Thursday, February 2, 2017

Enhanced Interrogation


45  has made the case that torture is an effective tool. He is not the first person to make this case, nor is the claim absurd on the surface. It is rooted in the assumption that someone has vital information but won’t voluntarily give it up. By applying extreme discomfort or pain, you can cause him to change his mind and tell you what he knows. In times of war, when the lives of your warriors or citizens are at stake, prohibiting torture means either you value the enemy’s life and comfort more than your compatriots’ or you value moral principles more than moral outcomes. If that were all a discussion of torture involved, it would be simple.

The problem with torture can be stated this way. When you know precisely what you want to know, and from whom you want to know it, and you are certain he knows it, torture is a very efficient tool. But when you are in possession of that much intelligence that you basically have broken the key elements, the likelihood is that less time-consuming analysis of available facts would return you to the source who provided prior information, and it would get you there faster. All that intelligence didn’t fall into your hands by miracle. Go back and look at it again.

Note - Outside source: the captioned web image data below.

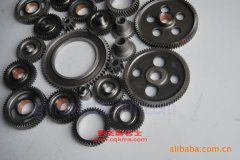 金鷹GFD5253GWS污水運(yùn)輸車用的康明斯ISDe230 30發(fā)動(dòng)機(jī)的大修及配件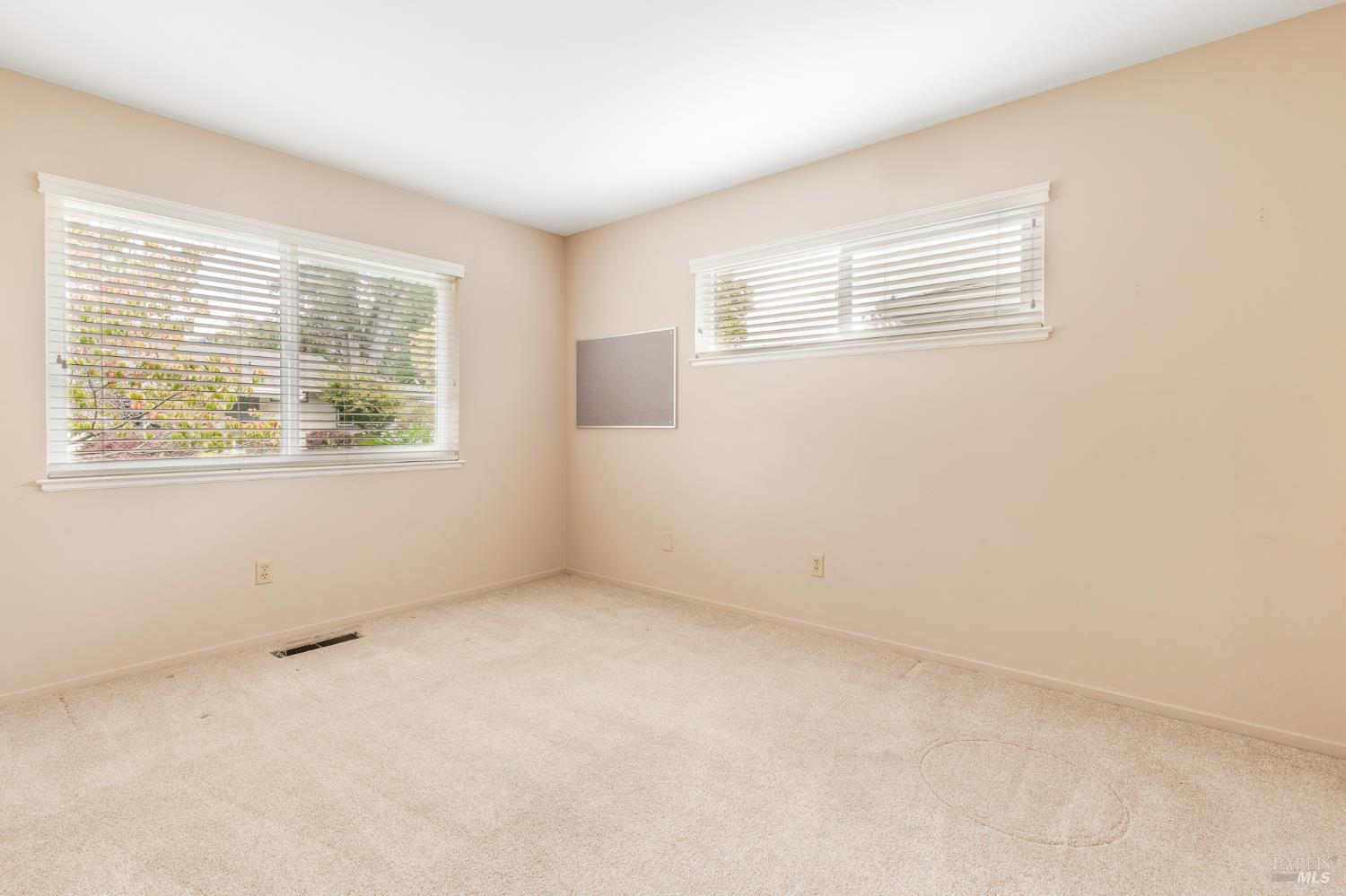 435 Meadowgreen Drive Santa Rosa CA 95409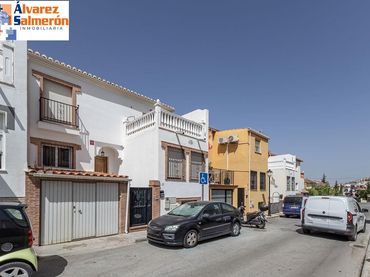 Adossat en venda a Calle CHECOSLOVAQUIA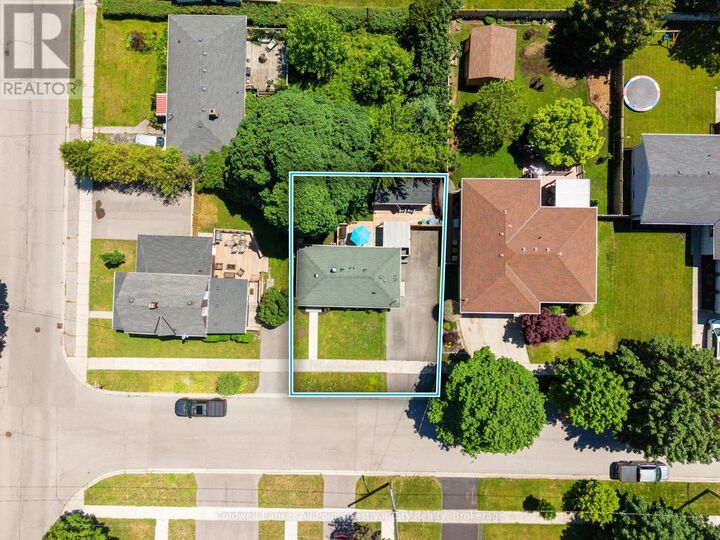 Property Photo:  125 Widder Street  ON N7A 3V2 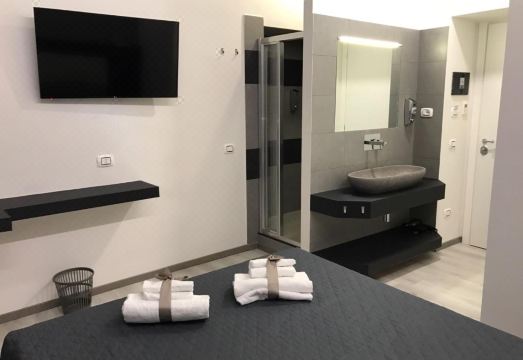 아델소 호텔 로비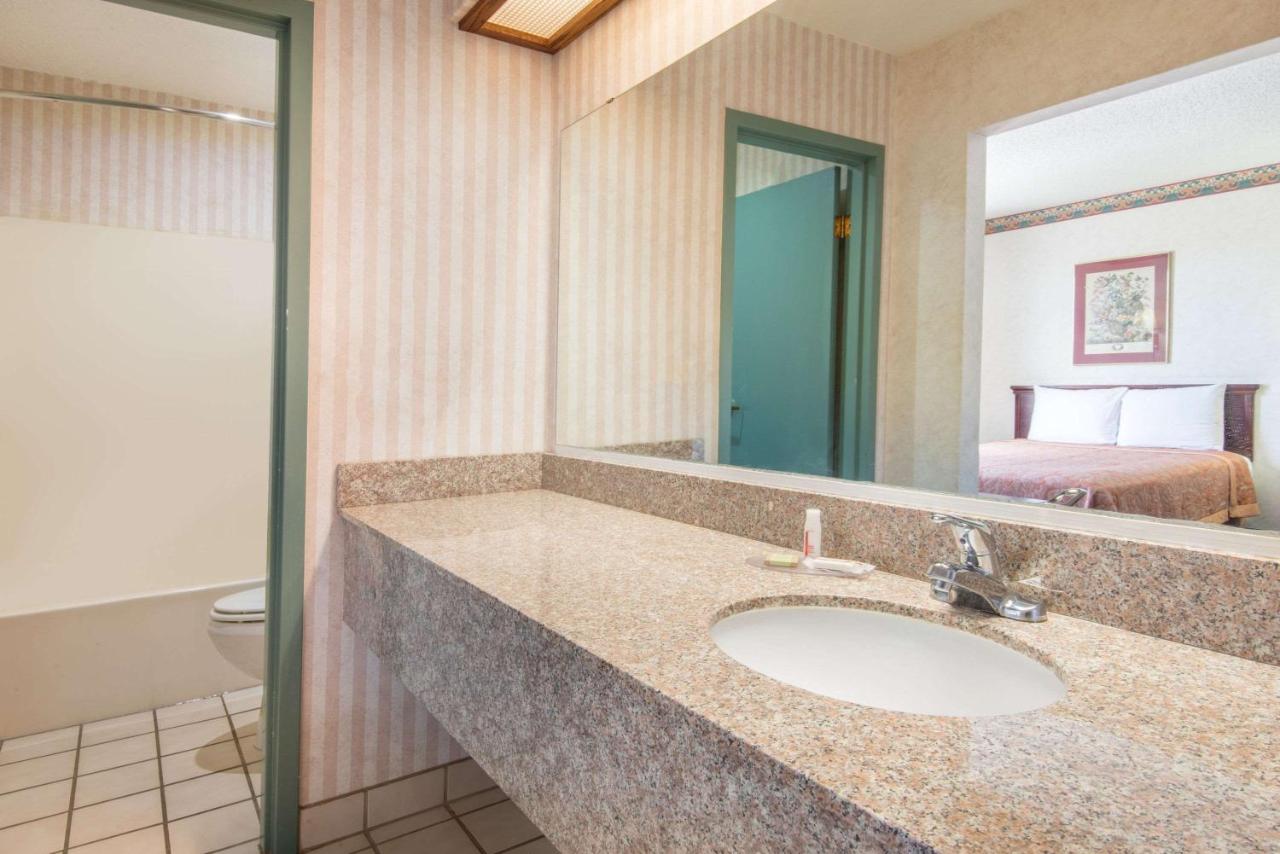 Super 8 by Wyndham Amarillo West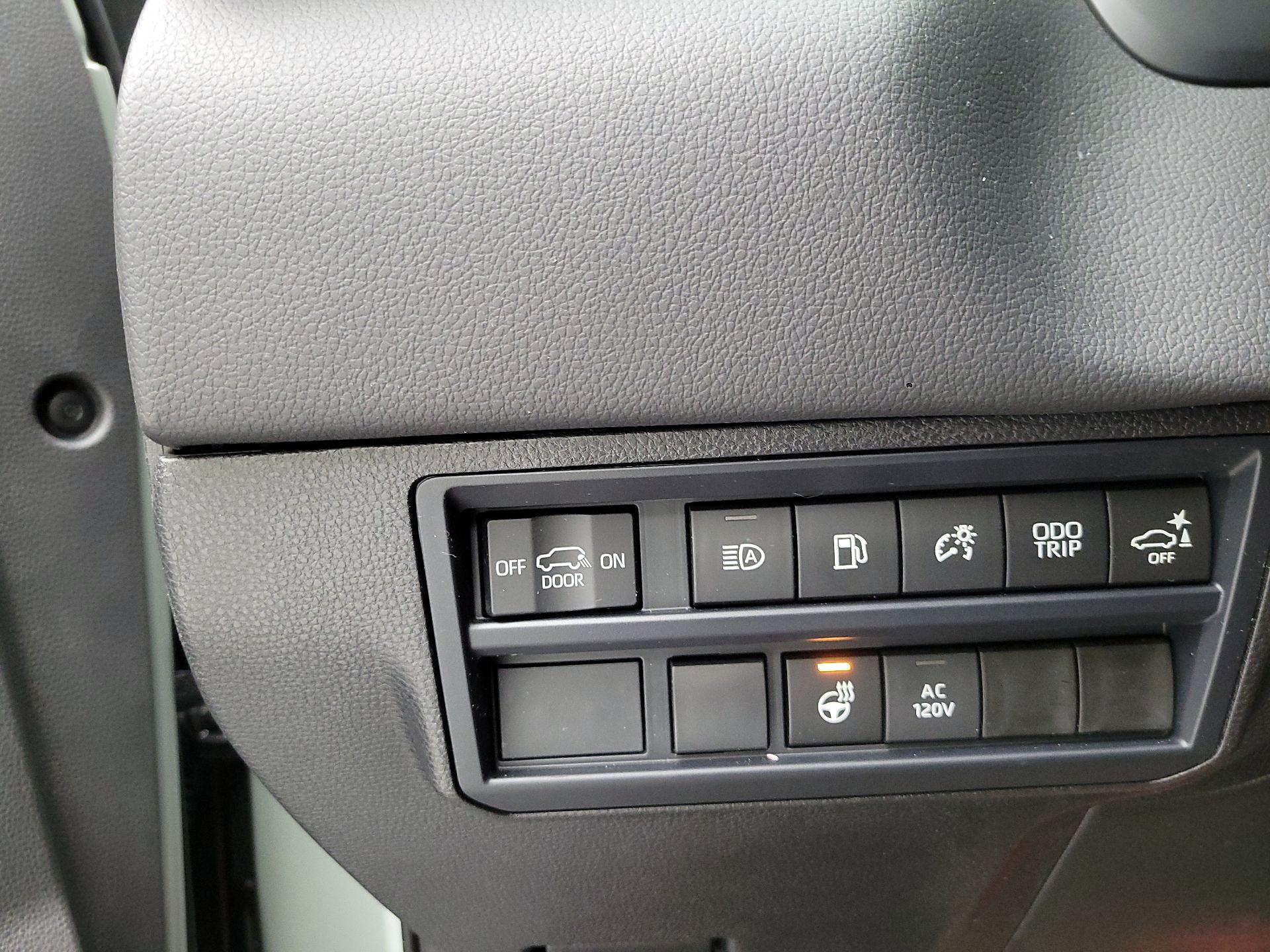 Thumbnail: 2025 Toyota Sequoia - 11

The more you know, the more useful torture is. But the more you know, the less likely you are to need to torture. In the case of Boston, it would be no holds barred, and torture would be likely. But the Boston example is unlikely because by the time the investigators got the information they had, they could likely figure out the rest. The less information you have, the more you are likely to collect something new. But what you need more than anything else is to figure out what you need to know. And for that you need to begin by talking to a lot of people. Torture is inefficient.

The moral question of torture is whether it is ever appropriate in order to get information. The answer is obvious. If my grandchild were kidnapped, and the kidnapper wouldn’t talk, I would tear his eyeballs out in a second. The reason is moral. The kidnapper’s moral value is nonexistent because of what he did, while my grandchild is guiltless. Protecting the rights of a monster while endangering the innocent is the height of immorality. I don’t believe anyone who claims to be morally offended by torture, until I see him protecting a kidnapper while risking his child’s life.

But as much fun as making the moral argument is, it is minimally connected to the practical question of torture. Torture is rarely useful because you seldom know the owner of the information you need and precisely what you need to know. And if time really is of the essence, you need to be focusing on what you know.